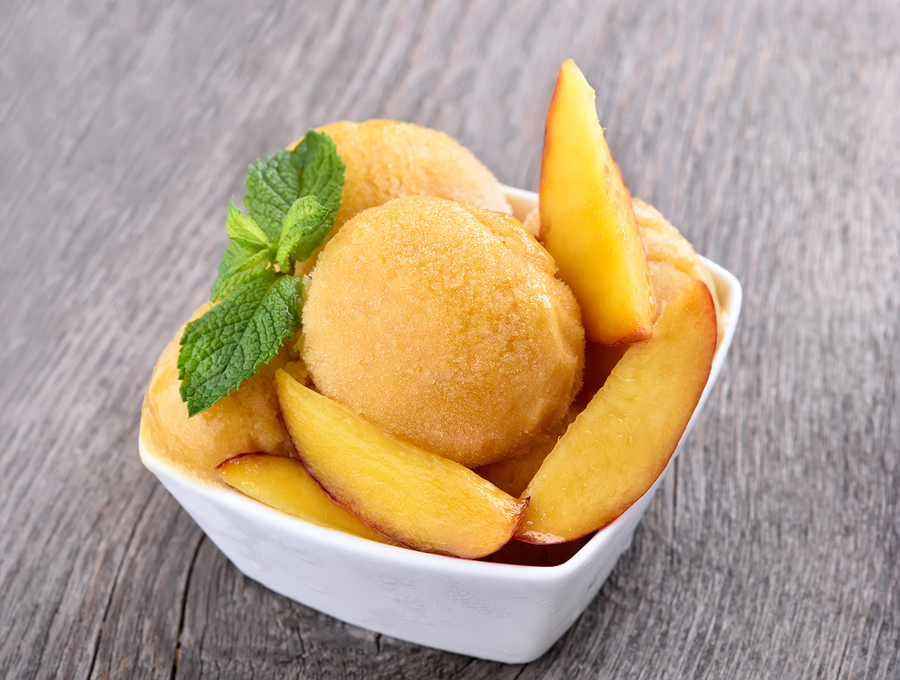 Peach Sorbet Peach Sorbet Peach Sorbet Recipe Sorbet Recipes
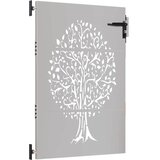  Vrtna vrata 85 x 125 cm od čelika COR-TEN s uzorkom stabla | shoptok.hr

--

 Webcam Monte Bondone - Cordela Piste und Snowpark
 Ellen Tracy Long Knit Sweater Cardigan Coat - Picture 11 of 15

• Work order
Using the data above, set down each line from the line with "Peach Sorbet Peach" to the line with "Vrtna vrata 85" exactly, both ends included, and leave the pictures behind. Nothing else belongs.

• Task result
 Peach Sorbet Peach Sorbet Peach Sorbet Recipe Sorbet Recipes
  Vrtna vrata 85 x 125 cm od čelika COR-TEN s uzorkom stabla | shoptok.hr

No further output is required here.